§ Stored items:

----------------------------------------

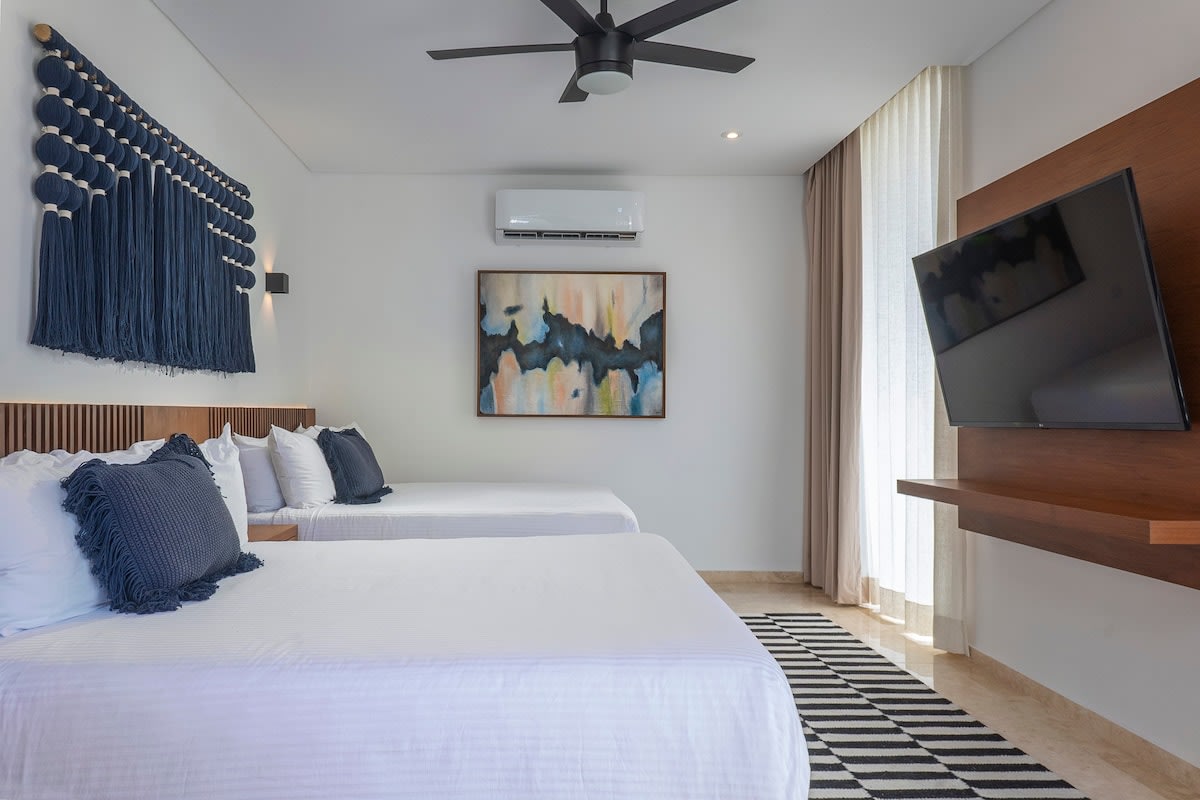 Bedroom #4
First floor
House #1
Air conditioner, fan, smart tv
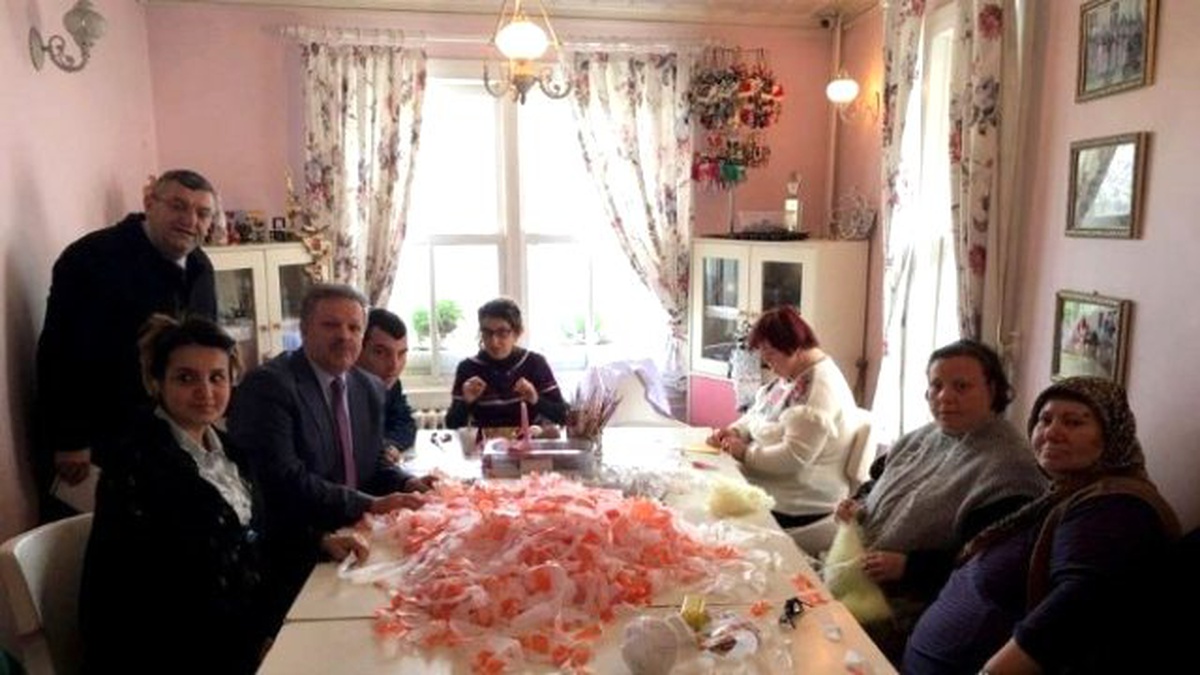 Vali Kahraman, İstanbul - Eyüp Belediyesi Şeker Hayat Atölyesini Ziyaret Etti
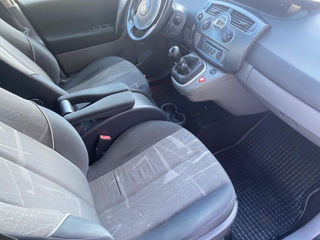 Renault Scenic foto 8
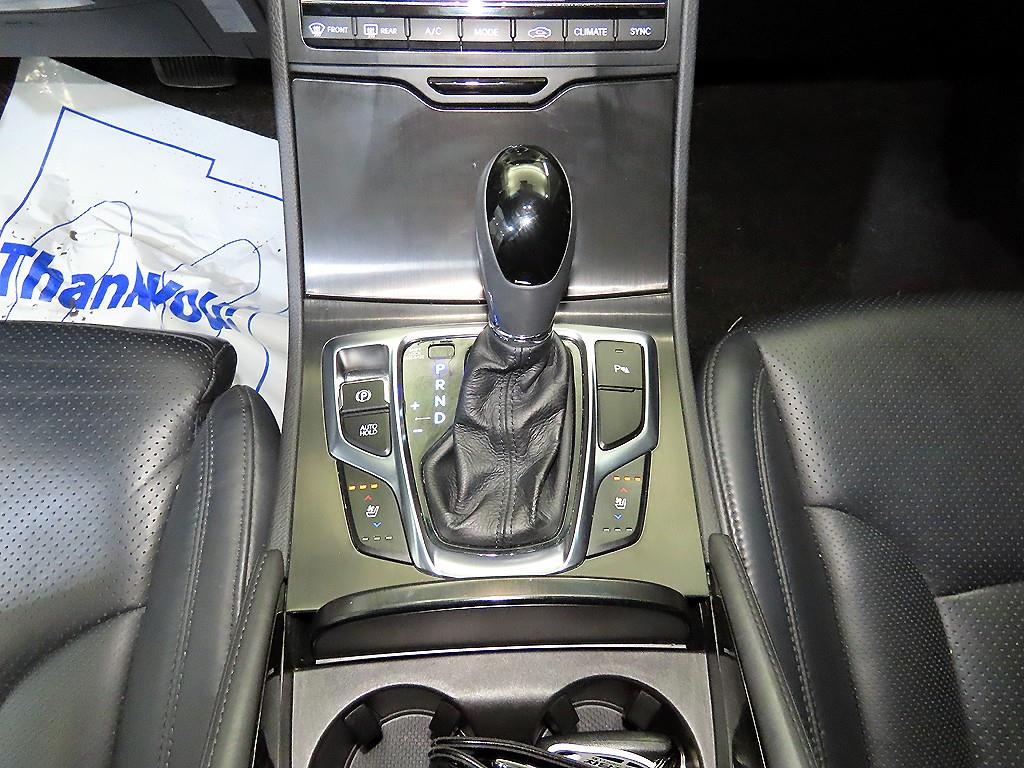 HYUNDAI Grandeur - Vista 12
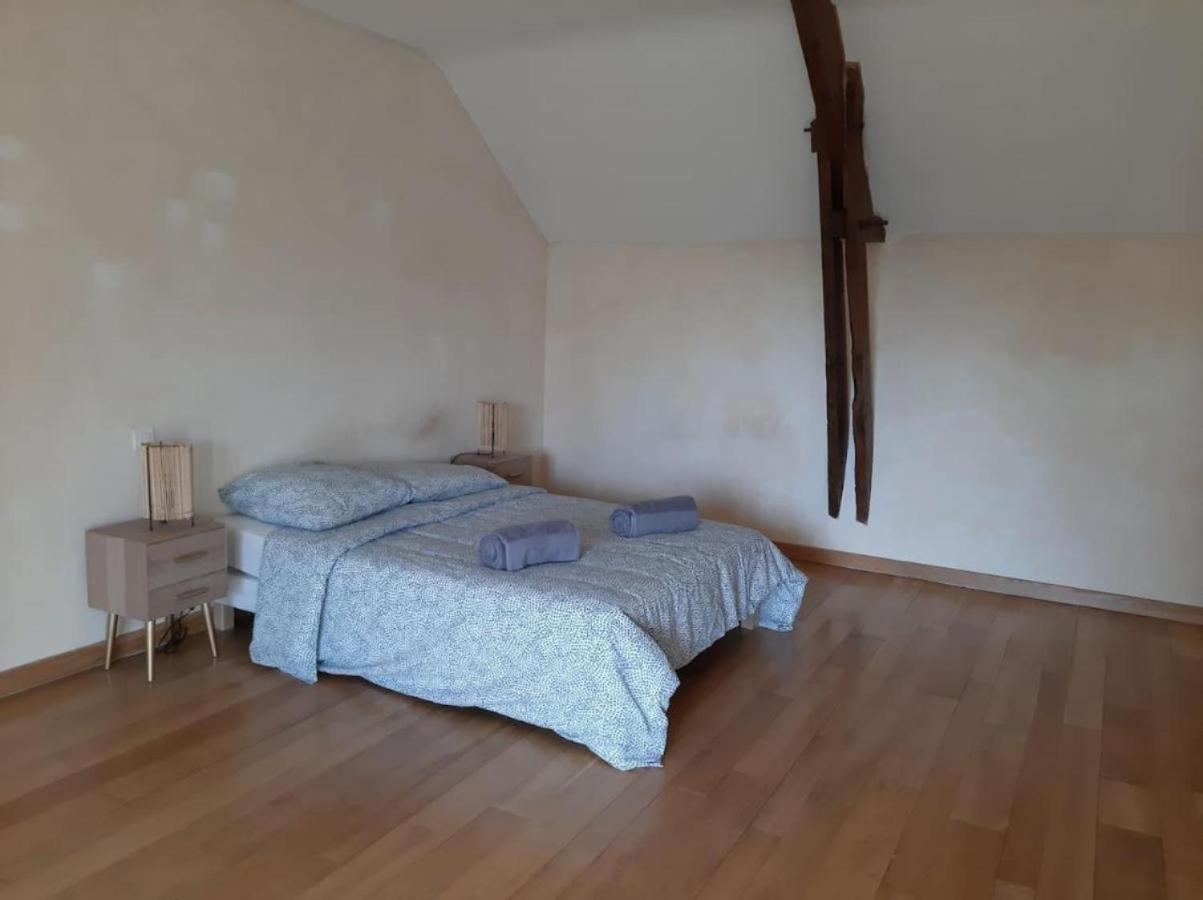 Longere Familiale Vila Melesse Exterior foto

----------------------------------------

§ EXERCISE OBJECTIVE: Make an exact copy of the lines of the records from the line containing "Air conditioner, fan, smart tv" through the final line, both ends included, but not of the pictures.

§ OUTPUT BELOW:
Air conditioner, fan, smart tv
 Vali Kahraman, İstanbul - Eyüp Belediyesi Şeker Hayat Atölyesini Ziyaret Etti
 Renault Scenic foto 8
 HYUNDAI Grandeur - Vista 12
 Longere Familiale Vila Melesse Exterior foto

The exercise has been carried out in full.